Welcome to our list of the best pregnancy jokes and puns! Pregnancy is a wonderful and miraculous journey, but let’s be real- it also comes with its fair share of challenges and awkward moments. That’s where humor and clever wordplay come in to save the day! We have compiled a list of funny and positive jokes that will have both kids and adults laughing. So get ready to put a smile on your face with these puns about pregnancy. Trust us, they’re not just for the expecting moms, but for anyone who appreciates a good dose of humor. Let’s dive right in!

Pregnancy Puns & Jokes That’ll Have You LOLing: Editor’s Top Picks

  1. “I’ve been experiencing some contractions, but I keep telling myself to relax-tion.”
  2. “I can’t help but feel like a bloated balloon with this baby bump.”
  3. “Pregnancy cravings? More like pickles and ice cream mixed with tears and laughter.”
  4. “I’m popping out babies like I’m the human version of a Pez dispenser.”
  5. “I never thought I’d be taking a nap at my own baby shower, but here we are.”
  6. “Being pregnant is like being a superhero, but instead of a cape, I have a belly.”
  7. “I may have a bun in the oven, but I still have room for pizza.”
  8. “My doctor told me I’m glowing, but I think it’s just the sweat from carrying this extra weight.”
  9. “My husband asked what I wanted for Mother’s Day and I told him I just need a break from being a human incubator.”
  10. “The only ‘seafood’ I can stomach these days is fish sticks.”
  11. “You know what they say, motherhood is a nine-month-long hangover that just keeps getting worse.”
  12. “Who needs a gym membership when you can get a full-body workout just by getting up off the couch?”
  13. “I never thought I’d be measuring my life in trimesters, but here we are.”
  14. “Morning sickness?
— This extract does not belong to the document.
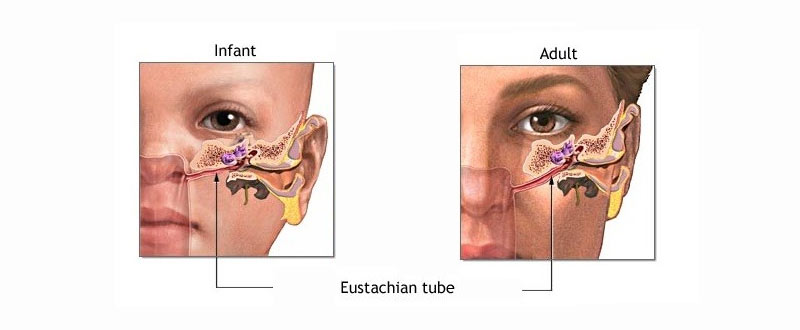 Tips For Treating Blocked Ears All About Hearing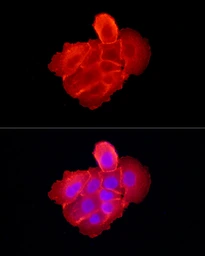 Anti-EGFR antibody used in Immunocytochemistry/ Immunofluorescence (ICC/IF). GTX35199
More like all-day sickness.”
  15. “Whoever said being pregnant is beautiful clearly never experienced a third-trimester waddle.”
  16. “The miracle of birth? More like the agony of labor pains.”
  17. “The thought of giving birth is terrifying, but at least I have an excuse to eat whatever I want for nine months.”
funny Pregnancy jokes and one liner clever Pregnancy puns 2 at PunnyPeak.com

Laughing for Two: Hilarious ‘Funny Pregnancy’ One-Liner Jokes

  1. I’m carrying extra weight around my midsection, but it’s all baby…and tacos.
  2. Pregnancy: the nine-month voyage to being a smuggler of a human being.
  3. I know I’m pregnant, but I’ll just have one more slice of pizza for two.
  4. A fetus is basically a tiny roommate who doesn’t pay rent.
  5. I have a new workout routine for expecting moms…it’s called carrying a watermelon.
  6. I’m growing a tiny human, what’s your superpower?
  7. The only time I don’t mind people touching my belly is when there’s a baby in there.
  8. Currently taking suggestions for baby names that rhyme with “comfortable sleep”.
  9. Pregnancy cravings are not to be messed with…the last person who did now has a toddler named Dorito.
  10. My baby is due in a few months but my back feels like it’s already been nine months.
  11. Pregnancy is nature’s way of preparing you for sleepless nights and endless bodily fluids.
  12. Pregnancy brain is real…yesterday I spent 10 minutes looking for my phone while using it as a flashlight.
  13. The glow of pregnancy is really just sweat and the constant need to pee.
  14. My partner is considering a vasectomy after witnessing my labor.
  15. People keep asking me if I’m having twins…no, just one giant baby.
  16. My belly button is now an outie and I’m convinced there’s a tiny alien living inside.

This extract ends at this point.